From [HERE] A 60-year-old Walmart greeter will come up against the world's biggest retailer this week in another round of the largest sex discrimination case in history.
In a case legal experts say will redefine discrimination law in the US, the supreme court will on Tuesday begin hearing arguments why Betty Dukes and more than a million women who worked for Walmart between December 1998 and the present day should be able to sue the retailer in a class action.
Walmart is appealing against an earlier court's decisions to let the case proceed after a judge said Dukes' lawyers had presented "significant proof of a corporate policy of discrimination".

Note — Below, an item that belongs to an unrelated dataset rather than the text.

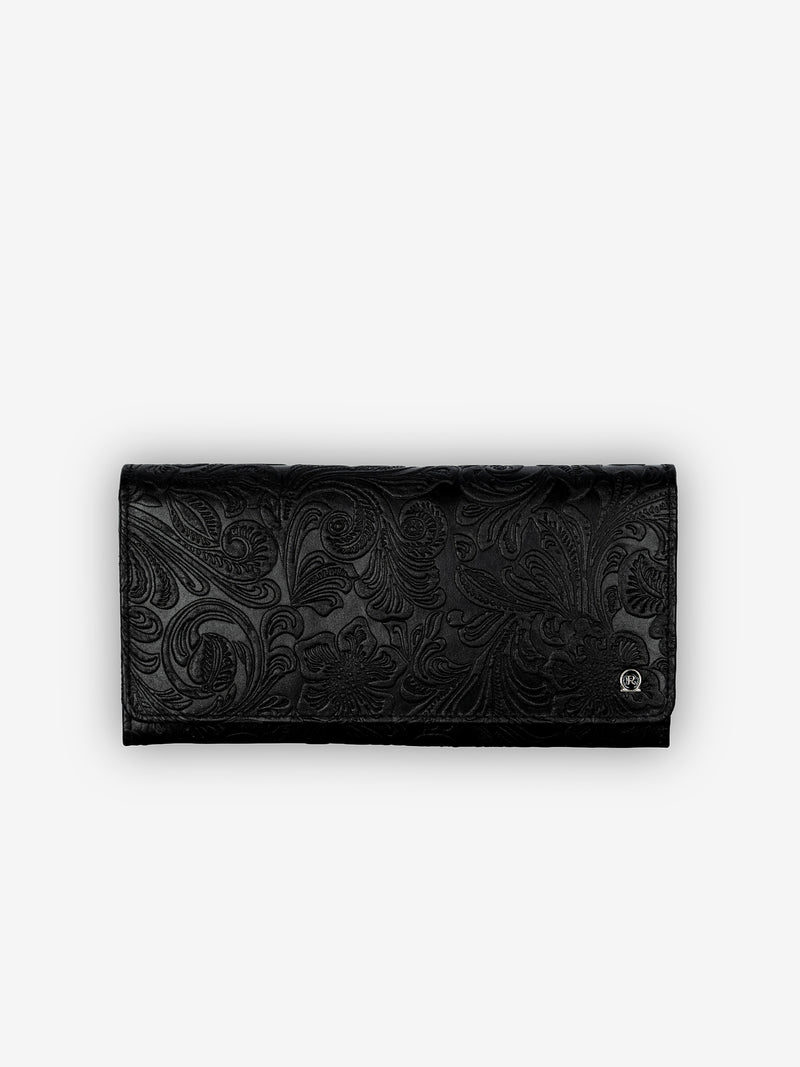 ROGNER Große Damenbörse mit 18 Kartenfächern - Flower Print – Schwarz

Walmart, which is America's largest private employer, says the case has spun out of control and threatens to cost the retailer billions of dollar if it is allowed to proceed. The firm denies wrongdoing and argues that the accusations are too numerous and too diverse to be tried en masse.
Corporate America is watching nervously from the sidelines. Some 20Twenty major firms including General Electric and Microsoft have filed papers with the court in support of Walmart.
The case began in 2000 when Dukes filed a sex discrimination suit claiming she had been denied the training she needed to receive promotion. The civil rights lawyer Brad Seligman, representing Dukes, claims Walmart systematically discriminated against female employees, who were underrepresented in management positions and were paid less than male colleagues.
Whatever the supreme court decides is likely to have a profound impact for other groups of women bringing sex discrimination suits against employers in the US, said Melissa Hart, director of the Byron R White Centre for the Study of American Constitutional Law at the University of Colorado School of Law. "It's been decades since we have had the courts examine a case as important as this."
Hart added that she expected a ruling by June and that a loss would "make it increasingly difficult for women to challenge discrimination in the work place."
Should the courts rule in Dukes' favour, lawyers expect a whole new set of discrimination class actions to be brought, not just on behalf of women, but also for minorities or persons with disabilities. A win for Walmart would be a major blow for nationwide job-bias suits, making it harder to argue that employees who work in different stores and hold different jobs have enough in common to be a class.
Dukes started working at the retailer's Pittsburg store in California in 1994 as a part-time cashier for $5 an hour. She was promoted to customer service manager but then says her path to further advancement was blocked. When she complained, arguments ensued and she was demoted. She still works for the company, earning just over $15 an hour.
The lawsuit claims that women account for only a third of what Walmart considers management. According to Seligman the representation of women in its workforce drops steadily the further up in the firm. In 2001 women outnumbered men by nearly 4-1 among hourly supervisors but comprised only 45.1% of the "support managers", the highest-level hourly supervisory position.
In salaried positions, Seligman argues, women comprised 37.6% of assistant managers, 21.9% of co-managers, and 15.5% of store managers. Figures from 2001 show that it took women an average 4.38 years from the date they were hired to be promoted to an assistant manager position compared with 2.86 years for men.
"Walmart is such a large employer but the standards are no different for a company that employs hundreds or one that employs millions," said Hart.